• _What you should do_
Output the full listing below exactly as it reads, and skip anything that is a picture.

• _Information provided_

****************************************

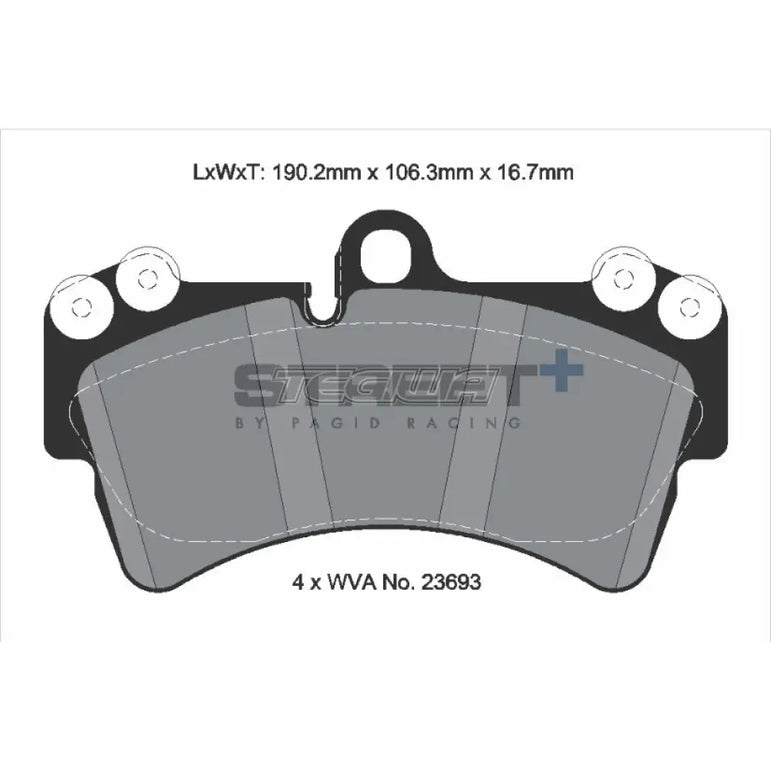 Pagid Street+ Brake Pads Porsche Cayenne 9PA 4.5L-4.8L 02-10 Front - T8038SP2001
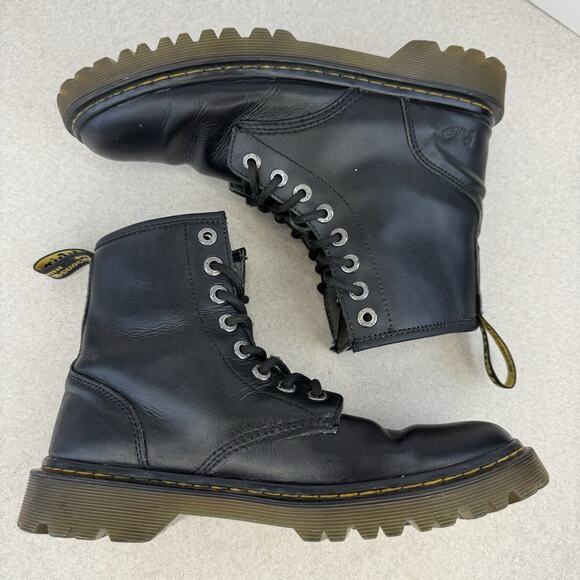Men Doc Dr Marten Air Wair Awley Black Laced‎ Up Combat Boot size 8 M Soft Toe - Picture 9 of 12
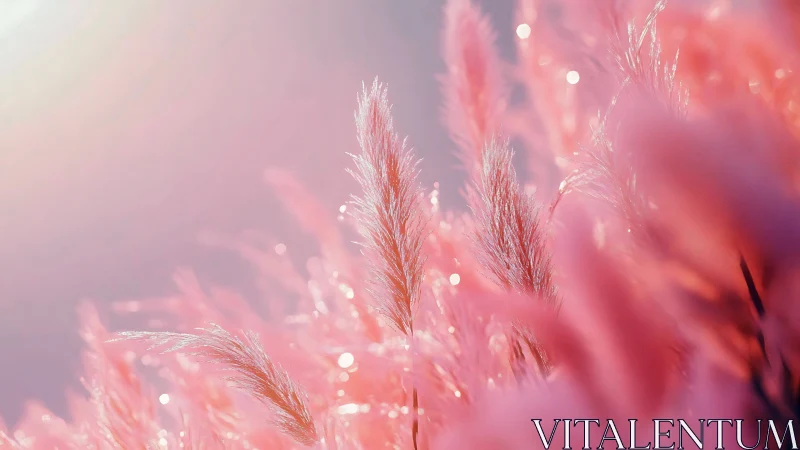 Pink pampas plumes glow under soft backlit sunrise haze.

****************************************

• _Task output_
 Pagid Street+ Brake Pads Porsche Cayenne 9PA 4.5L-4.8L 02-10 Front - T8038SP2001
Men Doc Dr Marten Air Wair Awley Black Laced‎ Up Combat Boot size 8 M Soft Toe - Picture 9 of 12
 Pink pampas plumes glow under soft backlit sunrise haze.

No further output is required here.